Task to carry out
Please return only the lines from the one showing "Carpe night-time-application routine" to the end of the entries, keeping both ends and dropping every picture.

(Scraped caption text data)
_ _ _ _ _ _ _

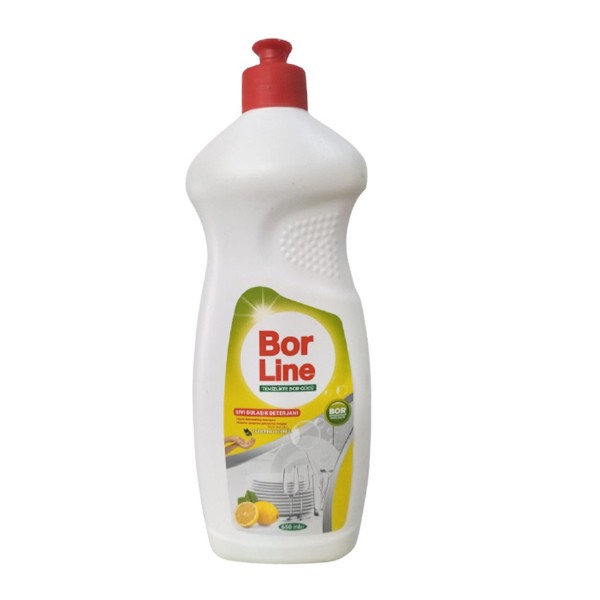 Borline Bulaşık Deterjanı Limon 650 ml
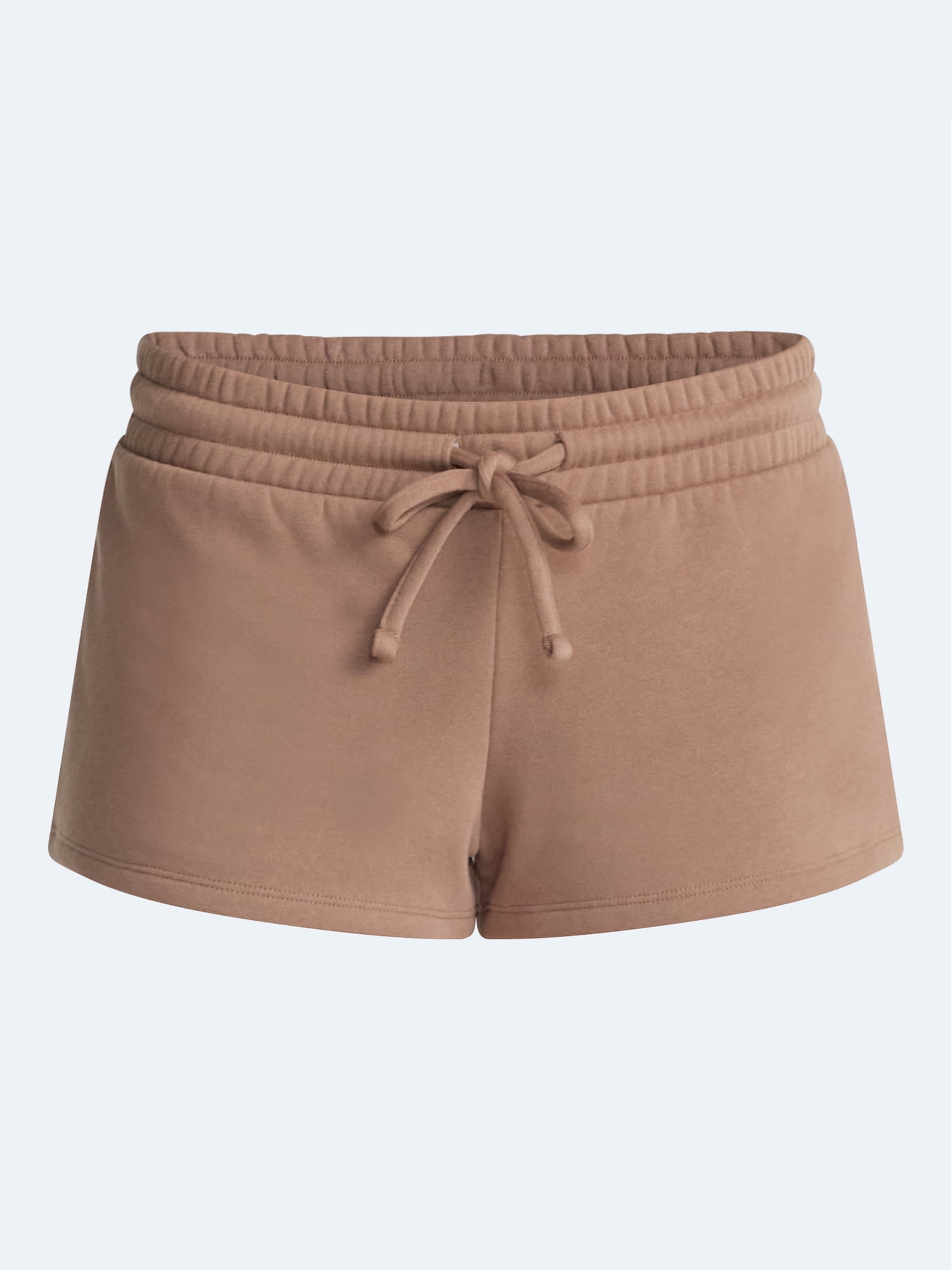 No Boundaries Soft Sleepwear Shorts, 2.5'' Inseam, Women’s and Women’s Plus XXS-3X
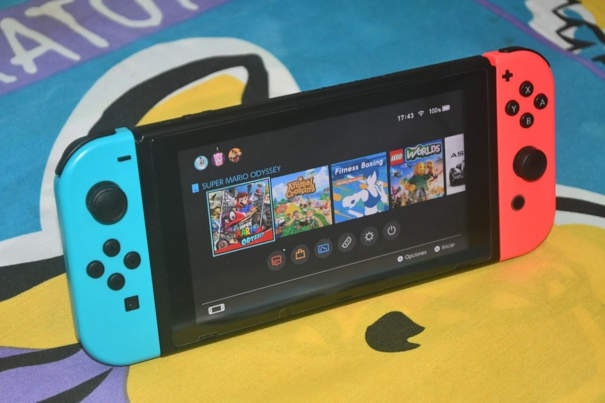 Nintendo-Switch-Homemenue Nintendo-Switch-Homemenue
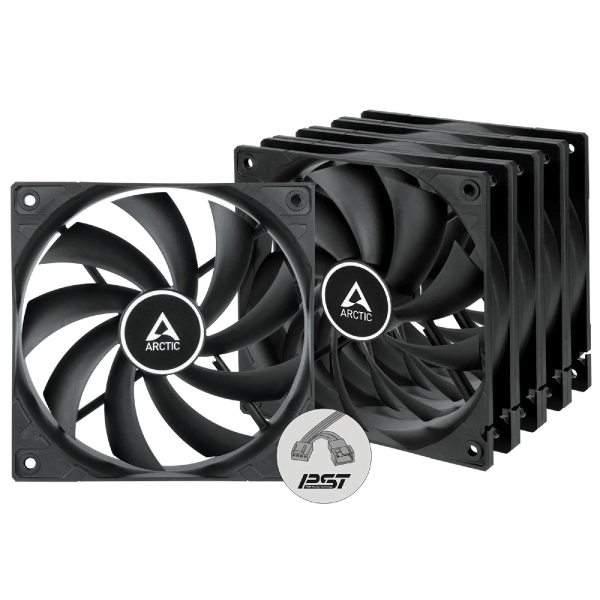 Купить Вентилятор Arctic F12 PWM PST 5-Pack (ACFAN00250A) - фото 2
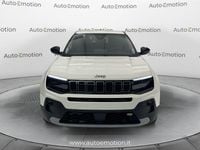 Usata Jeep Avenger Summit 101 CV (74 kW) 2024 Nero SUV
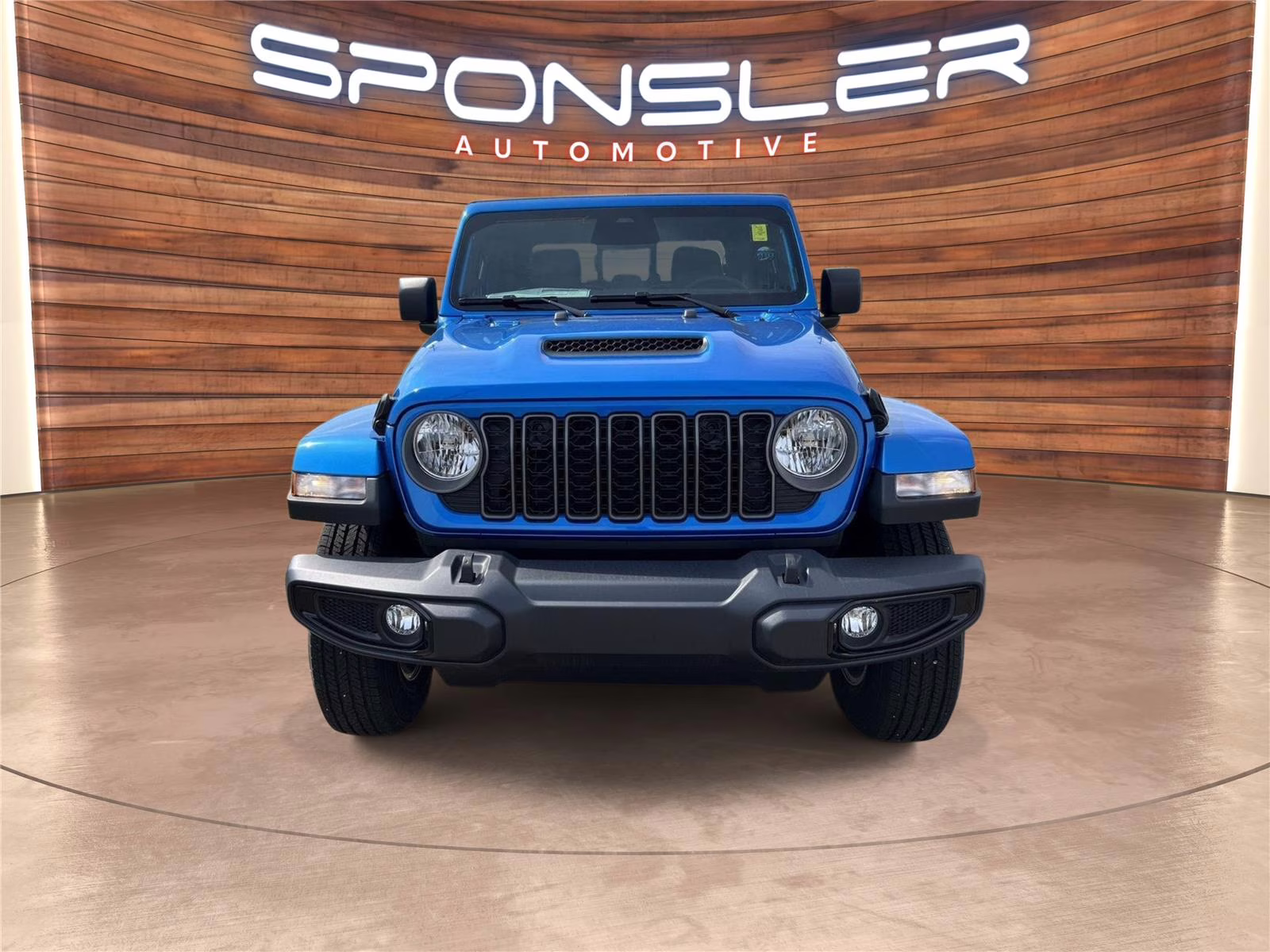 2026 Hydro Blue Pearlcoat Jeep Gladiator Sport S 4X4 Truck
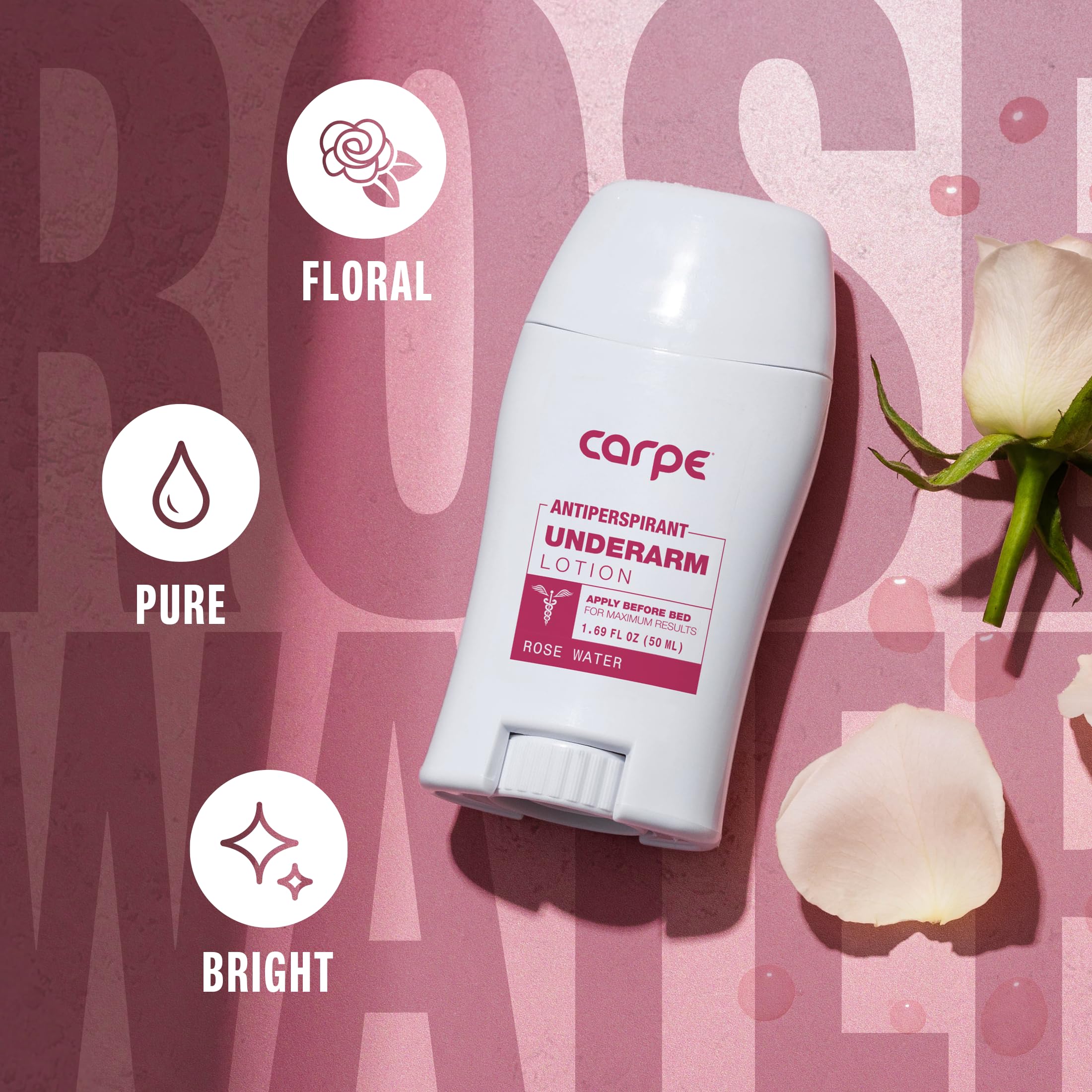 Carpe night-time-application routine depicts bedtime use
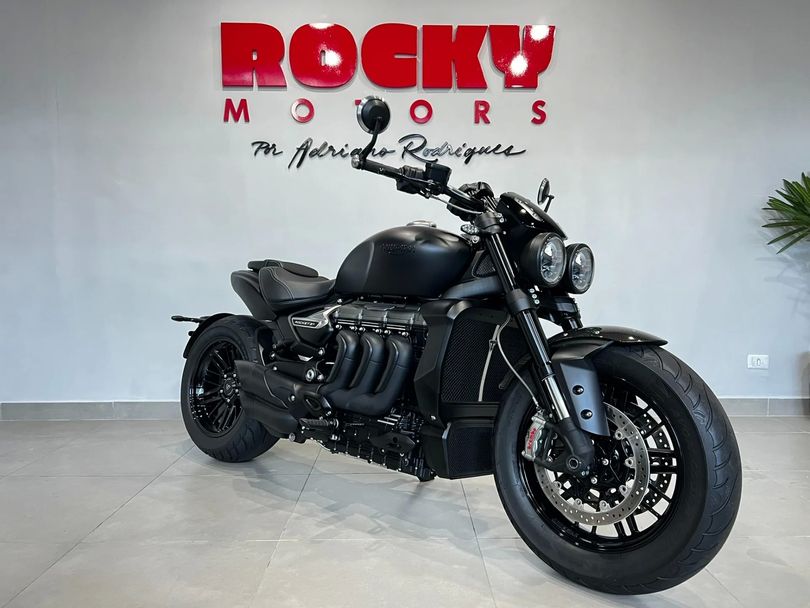 TRIUMPH ROCKET III R Black Edition 2500cc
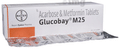 Glucobay M 25 Tablet thumbnail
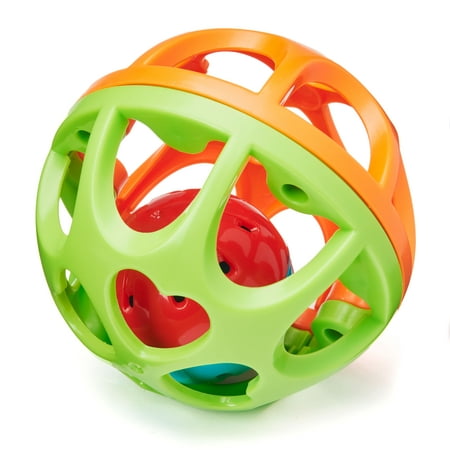 Spark. Create. Imagine. Sustainable Sensory Activity Play Ball, Assorted Colors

_ _ _ _ _ _ _

Solution to this problem
 Carpe night-time-application routine depicts bedtime use
 TRIUMPH ROCKET III R Black Edition 2500cc
 Glucobay M 25 Tablet thumbnail
 Spark. Create. Imagine. Sustainable Sensory Activity Play Ball, Assorted Colors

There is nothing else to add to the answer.